Behind, Evans was fighting to hold onto second overall as Uran rode away from him. But he was losing ground. As the Aussie dragged himself across the line in 14th spot, some 90 seconds down, he knew it was gone — and when the overall was tallied, Uran was second to Nibali, 4:43 down, with Evans third at 5:52.

“I had a technical problem at two kilometers to go all the way to the finish and that cost me second place,” Evans said.

It was a shame, said assistant director Fabio Baldato, because Evans had been riding well up to that point.

“All day, Cadel had good legs,” Baldato said. “For sure, second was better than third.
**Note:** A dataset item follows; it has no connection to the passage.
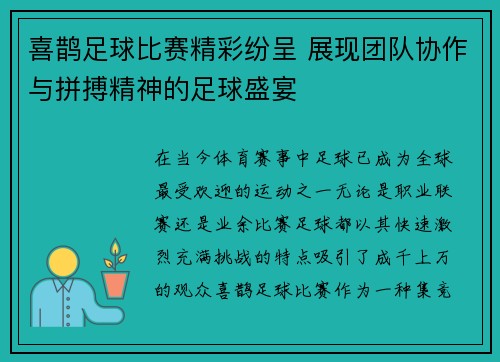 喜鹊足球比赛精彩纷呈 展现团队协作与拼搏精神的足球盛宴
But we are still on the podium and tomorrow we need to control to make the race safe and then the goal is reached.”

Kangert was ebullient at the finish.

“We were very motivated for this last weekend to bring home the pink jersey,” he said. “We’ve all been working since November for this. It brings extreme satisfaction for everyone on the team.”

And Betacur, who finished fourth on the day despite his untimely mechanical, was delighted to cement his hold on the white jersey.

“I wanted the white jersey,” he said. “It was my goal at the start.

“I had a puncture, then had to change bikes again, but my teammates did a good job to help me get back to the bunch. I was hoping to win the stage but Nibali is in a class by himself. I am very happy with my performance in this Giro — to win the young jersey gives me great motivation for the future.”